Как только я сделал шаг вперед, помещение, в которое я попал, с нарастающей интенсивностью стал наполнять свет из нескольких источников. Через пару секунд в большой подземной зале стало светло, как на пляже в июльский день. Мое внимание привлекла цепочка бурых пятен на полу. Кровь того самого «Индры»? Кровавый след вел к центру залы, на небольшое возвышение, где располагалось троноподобное сиденье. Поскольку отлынивать от задания на этом этапе было уже поздно, я поборол робость и осторожно направился к нему. Сел, положил руки на подлокотники, устроился поудобнее. Очевидно, в нем были встроены специальные датчики, реагирующие на телодвижения, так как кресло, словно прислушавшись к пожеланиям моего тела, постепенно приняло форму, максимально удобную для моего телосложения и привычки сидеть. Я вновь выполнил ряд дыхательных упражнений, чтобы успокоиться. Потом, как советовал амулет, просто отдал мысленное распоряжение начинать, поскольку был готов. С потолка почти беззвучно опустилась прозрачная матовая призма, затем в течение нескольких секунд выделялся незнакомый газ.

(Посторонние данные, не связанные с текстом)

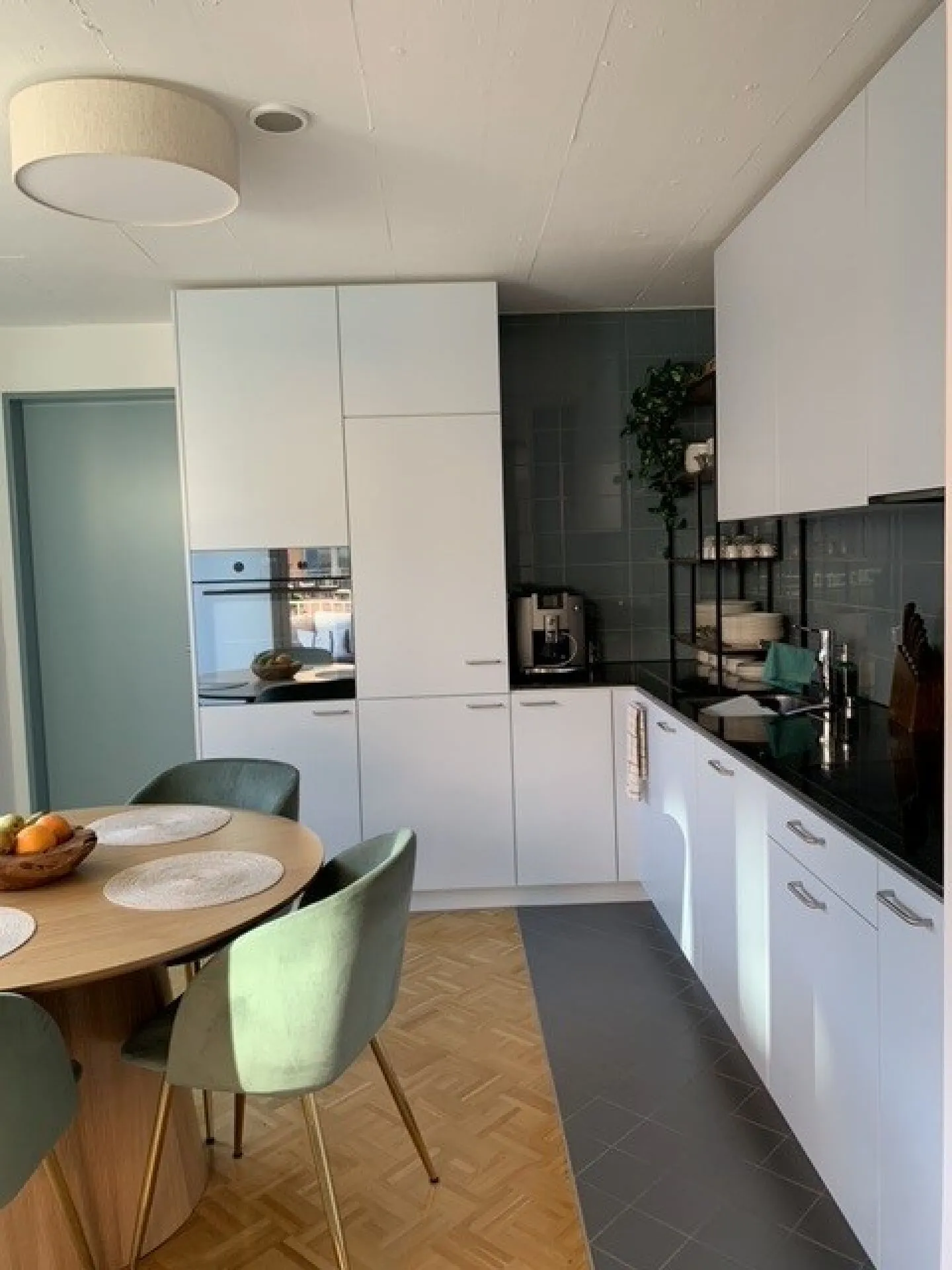 2 1/2-Room Apartment BILL Neuhegi - Photo 3 of 11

Я занервничал. Чувство, что ты теряешь сознание, всегда страшило меня и было таким неприятным, что я стремился прийти в себя во что бы то ни стало. На сей же раз мне нужно было отключиться по собственной воле. Отключиться так, чтобы, не утрачивая сознания, оставаться активным. Помочь мне в этой задаче были призваны регулятор температуры, создавший в моем добровольном заточении тепловой режим «потери тела», воздействие газа, от которого ощущение бестелесности усиливалось, и так называемый фрактальный (это слово я узнал потом) пейзаж, на котором я должен был сосредотачивать внимание. Термин хотя и пугающий, но за ним стояли очень приятные голографические «живые» картинки: извилистая береговая линия в приглушенных сумеречных тонах, закат, окрасивший узкую полосу моря и облаков в багровый цвет, теплота песчаного побережья, глубина небес. Для эффекта полной натуральности звуковой синтезатор добавил далекие отстраненные крики чаек, тихий плеск спокойного прибоя, шипение откатывающихся волн. Запахло морской солью, йодом выброшенных на берег водорослей, меня стал обдувать ветерок. Вскоре и «трон», который я окрестил про себя релаксатором, перестал напоминать о себе моим тактильным окончаниям. Беспокойство исчезло; обман чувств был настолько совершенен, что память забросила меня в прошлое, в безмятежный закат провинциального курортного городка на Черном море, где я не один вечер сиживал с девушкой, которую считал любимой, во времена, когда о существовании Тани я еще, естественно, и не подозревал. О, тени прошлого, вызванные насыщением глаз! Сколько невыразимой печали и счастья таит ваше вторжение, сколь сладостно и невыносимо ваше присутствие! С некоторым трудом вернулся я к выполнению своей миссии, но к тому времени от подземелья уже и след простыл: я вполне отчетливо ощущал, как просачивается сквозь мои пальцы сухой песок, а влажное дыхание моря освежает мои легкие. Теперь мне требовалась еще более глубокая концентрация. Мой взор блуждал по переливающейся ряби отраженного солнца, прыгал с волны на волну. Я стал невесомым, словно былинка, и позволял дуновению ветра покачивать меня в такт трепетанию воды. Появилось желание парить над поверхностью моря словно чайка, струиться, словно луч заката в зеркальной глубине.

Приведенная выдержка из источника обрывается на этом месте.